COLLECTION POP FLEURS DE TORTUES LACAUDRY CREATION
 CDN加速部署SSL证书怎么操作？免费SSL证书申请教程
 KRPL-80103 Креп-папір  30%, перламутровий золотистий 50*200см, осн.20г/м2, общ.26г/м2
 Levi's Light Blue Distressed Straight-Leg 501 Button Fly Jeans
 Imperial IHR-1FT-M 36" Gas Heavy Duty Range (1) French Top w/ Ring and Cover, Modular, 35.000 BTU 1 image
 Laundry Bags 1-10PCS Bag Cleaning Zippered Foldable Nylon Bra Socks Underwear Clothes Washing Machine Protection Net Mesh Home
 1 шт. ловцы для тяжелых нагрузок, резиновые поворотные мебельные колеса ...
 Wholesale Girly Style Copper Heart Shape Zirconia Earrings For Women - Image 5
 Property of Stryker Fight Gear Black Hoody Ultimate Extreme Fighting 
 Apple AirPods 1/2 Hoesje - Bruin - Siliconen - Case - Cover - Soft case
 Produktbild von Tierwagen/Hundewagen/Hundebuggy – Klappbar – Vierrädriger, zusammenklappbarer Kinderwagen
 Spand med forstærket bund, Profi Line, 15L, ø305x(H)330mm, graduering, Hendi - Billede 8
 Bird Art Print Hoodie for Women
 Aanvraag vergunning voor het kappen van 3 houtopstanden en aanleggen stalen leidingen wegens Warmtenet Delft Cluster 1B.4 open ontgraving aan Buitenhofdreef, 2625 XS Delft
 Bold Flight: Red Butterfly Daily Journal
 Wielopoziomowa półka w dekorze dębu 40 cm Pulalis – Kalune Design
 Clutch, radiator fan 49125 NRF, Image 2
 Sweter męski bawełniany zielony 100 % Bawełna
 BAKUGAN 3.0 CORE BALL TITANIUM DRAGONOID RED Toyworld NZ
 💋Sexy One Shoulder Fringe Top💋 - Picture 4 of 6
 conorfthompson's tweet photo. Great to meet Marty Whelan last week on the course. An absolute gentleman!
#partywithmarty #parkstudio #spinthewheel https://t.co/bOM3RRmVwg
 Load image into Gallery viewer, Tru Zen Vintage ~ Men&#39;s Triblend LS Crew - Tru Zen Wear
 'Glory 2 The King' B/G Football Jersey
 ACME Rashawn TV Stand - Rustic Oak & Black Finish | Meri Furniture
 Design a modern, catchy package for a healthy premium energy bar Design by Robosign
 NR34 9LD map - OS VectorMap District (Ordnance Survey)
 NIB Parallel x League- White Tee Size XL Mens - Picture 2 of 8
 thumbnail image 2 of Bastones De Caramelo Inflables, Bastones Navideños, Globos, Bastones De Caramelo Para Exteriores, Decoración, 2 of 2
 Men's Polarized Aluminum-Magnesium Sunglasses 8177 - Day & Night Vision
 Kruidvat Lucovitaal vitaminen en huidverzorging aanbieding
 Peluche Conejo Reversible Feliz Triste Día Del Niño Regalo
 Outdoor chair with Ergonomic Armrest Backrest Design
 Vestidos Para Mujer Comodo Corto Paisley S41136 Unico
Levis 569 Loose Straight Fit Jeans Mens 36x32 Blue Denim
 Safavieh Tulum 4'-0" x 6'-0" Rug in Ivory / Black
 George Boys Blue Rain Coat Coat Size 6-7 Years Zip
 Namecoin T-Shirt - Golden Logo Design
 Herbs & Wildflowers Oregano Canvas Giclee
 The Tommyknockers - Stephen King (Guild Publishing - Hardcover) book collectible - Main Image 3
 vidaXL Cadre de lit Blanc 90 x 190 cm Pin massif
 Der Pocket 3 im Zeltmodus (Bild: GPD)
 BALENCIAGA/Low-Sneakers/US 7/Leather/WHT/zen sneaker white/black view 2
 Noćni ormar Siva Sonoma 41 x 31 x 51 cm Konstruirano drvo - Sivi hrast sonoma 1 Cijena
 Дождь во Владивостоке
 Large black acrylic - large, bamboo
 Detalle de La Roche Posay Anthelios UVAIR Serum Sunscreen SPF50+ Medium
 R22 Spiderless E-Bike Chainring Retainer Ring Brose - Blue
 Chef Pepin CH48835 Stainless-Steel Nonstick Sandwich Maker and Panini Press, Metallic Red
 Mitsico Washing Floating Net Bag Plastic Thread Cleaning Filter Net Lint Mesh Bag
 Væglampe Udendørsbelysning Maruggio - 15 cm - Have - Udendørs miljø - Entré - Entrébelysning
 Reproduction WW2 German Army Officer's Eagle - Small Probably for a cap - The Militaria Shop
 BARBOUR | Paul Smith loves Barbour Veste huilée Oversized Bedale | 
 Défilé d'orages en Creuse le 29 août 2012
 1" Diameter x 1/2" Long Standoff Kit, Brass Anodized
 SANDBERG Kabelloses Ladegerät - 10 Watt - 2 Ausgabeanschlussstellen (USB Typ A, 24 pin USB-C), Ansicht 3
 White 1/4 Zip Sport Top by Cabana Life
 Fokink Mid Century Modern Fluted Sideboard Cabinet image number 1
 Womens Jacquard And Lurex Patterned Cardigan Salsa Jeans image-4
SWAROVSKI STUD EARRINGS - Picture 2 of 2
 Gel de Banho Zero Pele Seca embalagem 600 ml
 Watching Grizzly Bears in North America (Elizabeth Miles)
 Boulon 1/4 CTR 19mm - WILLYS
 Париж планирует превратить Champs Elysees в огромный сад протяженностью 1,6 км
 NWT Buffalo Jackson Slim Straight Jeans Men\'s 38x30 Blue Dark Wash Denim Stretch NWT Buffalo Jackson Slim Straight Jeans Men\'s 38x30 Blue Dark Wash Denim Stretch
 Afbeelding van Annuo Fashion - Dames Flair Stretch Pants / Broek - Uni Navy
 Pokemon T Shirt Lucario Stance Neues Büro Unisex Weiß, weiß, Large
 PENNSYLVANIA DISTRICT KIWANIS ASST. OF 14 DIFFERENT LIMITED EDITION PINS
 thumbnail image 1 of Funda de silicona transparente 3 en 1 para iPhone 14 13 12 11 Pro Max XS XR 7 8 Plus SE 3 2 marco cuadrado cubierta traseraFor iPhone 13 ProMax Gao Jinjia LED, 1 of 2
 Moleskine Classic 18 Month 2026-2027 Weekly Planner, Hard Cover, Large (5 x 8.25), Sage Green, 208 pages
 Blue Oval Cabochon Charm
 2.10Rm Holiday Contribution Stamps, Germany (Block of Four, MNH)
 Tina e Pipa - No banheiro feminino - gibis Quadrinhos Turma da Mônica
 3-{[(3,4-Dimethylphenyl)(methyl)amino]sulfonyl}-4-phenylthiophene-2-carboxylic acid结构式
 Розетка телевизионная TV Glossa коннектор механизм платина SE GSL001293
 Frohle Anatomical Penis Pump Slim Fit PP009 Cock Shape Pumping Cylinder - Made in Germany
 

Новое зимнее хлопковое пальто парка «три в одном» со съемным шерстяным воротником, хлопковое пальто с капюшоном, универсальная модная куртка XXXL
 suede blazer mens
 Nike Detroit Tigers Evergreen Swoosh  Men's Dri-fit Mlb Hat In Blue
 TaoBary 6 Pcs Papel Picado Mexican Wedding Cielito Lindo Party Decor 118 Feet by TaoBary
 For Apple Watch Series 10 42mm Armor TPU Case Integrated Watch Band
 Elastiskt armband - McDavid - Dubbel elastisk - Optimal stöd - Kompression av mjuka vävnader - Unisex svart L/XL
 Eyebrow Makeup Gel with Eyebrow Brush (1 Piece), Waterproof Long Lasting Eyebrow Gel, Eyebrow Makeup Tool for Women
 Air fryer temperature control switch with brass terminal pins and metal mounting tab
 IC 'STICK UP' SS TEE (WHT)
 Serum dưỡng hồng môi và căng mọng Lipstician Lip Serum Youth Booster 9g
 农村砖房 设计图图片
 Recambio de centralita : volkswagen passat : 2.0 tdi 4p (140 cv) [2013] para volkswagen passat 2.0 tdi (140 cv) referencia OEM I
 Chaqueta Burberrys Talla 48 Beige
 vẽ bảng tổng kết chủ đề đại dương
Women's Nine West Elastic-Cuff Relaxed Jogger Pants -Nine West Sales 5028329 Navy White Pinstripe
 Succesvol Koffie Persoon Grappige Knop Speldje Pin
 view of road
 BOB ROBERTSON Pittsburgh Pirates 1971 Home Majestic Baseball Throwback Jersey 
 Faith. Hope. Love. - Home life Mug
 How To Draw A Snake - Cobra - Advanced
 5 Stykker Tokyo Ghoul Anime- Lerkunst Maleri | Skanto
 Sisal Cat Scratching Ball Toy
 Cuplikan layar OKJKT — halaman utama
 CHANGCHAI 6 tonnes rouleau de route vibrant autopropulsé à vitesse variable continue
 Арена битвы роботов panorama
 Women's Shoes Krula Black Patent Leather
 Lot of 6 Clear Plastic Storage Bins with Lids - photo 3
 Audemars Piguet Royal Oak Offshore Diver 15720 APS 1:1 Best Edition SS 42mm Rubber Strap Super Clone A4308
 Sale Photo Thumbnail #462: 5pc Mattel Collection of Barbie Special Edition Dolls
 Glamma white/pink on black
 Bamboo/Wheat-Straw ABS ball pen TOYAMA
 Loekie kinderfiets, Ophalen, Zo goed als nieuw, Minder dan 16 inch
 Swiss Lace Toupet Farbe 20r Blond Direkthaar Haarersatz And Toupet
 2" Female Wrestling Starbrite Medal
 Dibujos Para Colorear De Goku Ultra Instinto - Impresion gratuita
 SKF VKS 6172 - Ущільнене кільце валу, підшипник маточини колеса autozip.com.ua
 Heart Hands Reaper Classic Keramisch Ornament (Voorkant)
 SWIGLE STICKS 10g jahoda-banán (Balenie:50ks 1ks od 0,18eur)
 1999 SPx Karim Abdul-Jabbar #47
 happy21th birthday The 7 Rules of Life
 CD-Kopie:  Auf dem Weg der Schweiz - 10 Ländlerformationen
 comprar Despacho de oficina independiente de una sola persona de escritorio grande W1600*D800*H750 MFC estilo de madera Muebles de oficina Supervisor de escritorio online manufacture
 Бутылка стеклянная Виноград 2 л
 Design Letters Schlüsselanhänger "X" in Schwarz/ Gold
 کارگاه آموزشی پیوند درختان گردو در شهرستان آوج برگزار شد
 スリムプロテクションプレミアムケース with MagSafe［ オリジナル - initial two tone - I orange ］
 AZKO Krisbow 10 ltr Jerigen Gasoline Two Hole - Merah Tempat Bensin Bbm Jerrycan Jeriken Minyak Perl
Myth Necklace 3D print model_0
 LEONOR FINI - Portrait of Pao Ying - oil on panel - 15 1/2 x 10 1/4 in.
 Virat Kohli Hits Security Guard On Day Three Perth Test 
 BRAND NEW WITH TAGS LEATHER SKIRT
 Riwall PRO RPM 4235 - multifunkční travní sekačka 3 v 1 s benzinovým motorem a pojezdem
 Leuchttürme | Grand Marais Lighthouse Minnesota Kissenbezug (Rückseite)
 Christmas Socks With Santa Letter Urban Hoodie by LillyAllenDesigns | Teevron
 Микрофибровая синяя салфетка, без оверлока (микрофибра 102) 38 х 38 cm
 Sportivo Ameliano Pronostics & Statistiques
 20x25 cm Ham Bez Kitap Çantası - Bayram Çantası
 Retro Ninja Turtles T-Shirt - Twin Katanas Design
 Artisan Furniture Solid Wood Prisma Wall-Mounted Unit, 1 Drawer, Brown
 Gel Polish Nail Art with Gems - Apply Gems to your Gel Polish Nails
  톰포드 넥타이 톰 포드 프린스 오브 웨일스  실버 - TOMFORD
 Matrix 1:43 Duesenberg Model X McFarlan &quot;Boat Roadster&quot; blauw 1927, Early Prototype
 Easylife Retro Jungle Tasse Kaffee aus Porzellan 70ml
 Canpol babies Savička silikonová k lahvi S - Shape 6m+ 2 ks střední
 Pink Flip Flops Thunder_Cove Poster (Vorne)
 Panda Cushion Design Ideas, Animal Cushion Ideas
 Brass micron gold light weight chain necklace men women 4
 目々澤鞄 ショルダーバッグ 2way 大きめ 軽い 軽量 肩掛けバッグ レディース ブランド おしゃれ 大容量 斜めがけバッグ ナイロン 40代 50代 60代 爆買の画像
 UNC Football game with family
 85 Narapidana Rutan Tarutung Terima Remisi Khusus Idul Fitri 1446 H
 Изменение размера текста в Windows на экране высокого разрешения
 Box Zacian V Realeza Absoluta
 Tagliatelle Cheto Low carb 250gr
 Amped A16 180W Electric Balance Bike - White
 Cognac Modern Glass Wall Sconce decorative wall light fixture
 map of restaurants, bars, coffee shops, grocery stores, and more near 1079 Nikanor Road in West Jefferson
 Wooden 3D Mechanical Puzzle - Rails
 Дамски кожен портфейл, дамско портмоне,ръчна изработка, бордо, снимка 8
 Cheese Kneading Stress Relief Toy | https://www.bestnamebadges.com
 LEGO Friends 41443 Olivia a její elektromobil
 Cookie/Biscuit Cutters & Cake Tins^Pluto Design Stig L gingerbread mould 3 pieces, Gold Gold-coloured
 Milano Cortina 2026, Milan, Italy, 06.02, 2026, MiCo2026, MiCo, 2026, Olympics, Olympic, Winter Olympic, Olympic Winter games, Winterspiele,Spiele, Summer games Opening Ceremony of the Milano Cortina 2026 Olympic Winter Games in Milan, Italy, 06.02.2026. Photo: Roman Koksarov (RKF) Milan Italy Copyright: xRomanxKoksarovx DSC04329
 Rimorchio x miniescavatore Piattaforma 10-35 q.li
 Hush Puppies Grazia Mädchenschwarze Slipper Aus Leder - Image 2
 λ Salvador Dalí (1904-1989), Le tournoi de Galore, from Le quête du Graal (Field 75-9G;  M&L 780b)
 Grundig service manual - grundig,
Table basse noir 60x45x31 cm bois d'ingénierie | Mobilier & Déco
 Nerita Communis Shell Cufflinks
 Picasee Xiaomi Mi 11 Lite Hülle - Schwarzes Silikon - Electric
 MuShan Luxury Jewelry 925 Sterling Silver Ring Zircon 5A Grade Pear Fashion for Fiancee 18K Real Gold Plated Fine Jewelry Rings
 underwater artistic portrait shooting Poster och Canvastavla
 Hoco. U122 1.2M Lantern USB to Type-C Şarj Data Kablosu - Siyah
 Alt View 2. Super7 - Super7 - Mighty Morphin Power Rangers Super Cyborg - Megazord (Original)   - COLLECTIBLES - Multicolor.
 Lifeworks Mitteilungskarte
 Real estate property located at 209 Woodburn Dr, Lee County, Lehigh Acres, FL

= = = = = = =

Return exactly, please, the lines of the material from the first one down to and including the line where "BTU 1 image" appears.

COLLECTION POP FLEURS DE TORTUES LACAUDRY CREATION
 CDN加速部署SSL证书怎么操作？免费SSL证书申请教程
 KRPL-80103 Креп-папір  30%, перламутровий золотистий 50*200см, осн.20г/м2, общ.26г/м2
 Levi's Light Blue Distressed Straight-Leg 501 Button Fly Jeans
 Imperial IHR-1FT-M 36" Gas Heavy Duty Range (1) French Top w/ Ring and Cover, Modular, 35.000 BTU 1 image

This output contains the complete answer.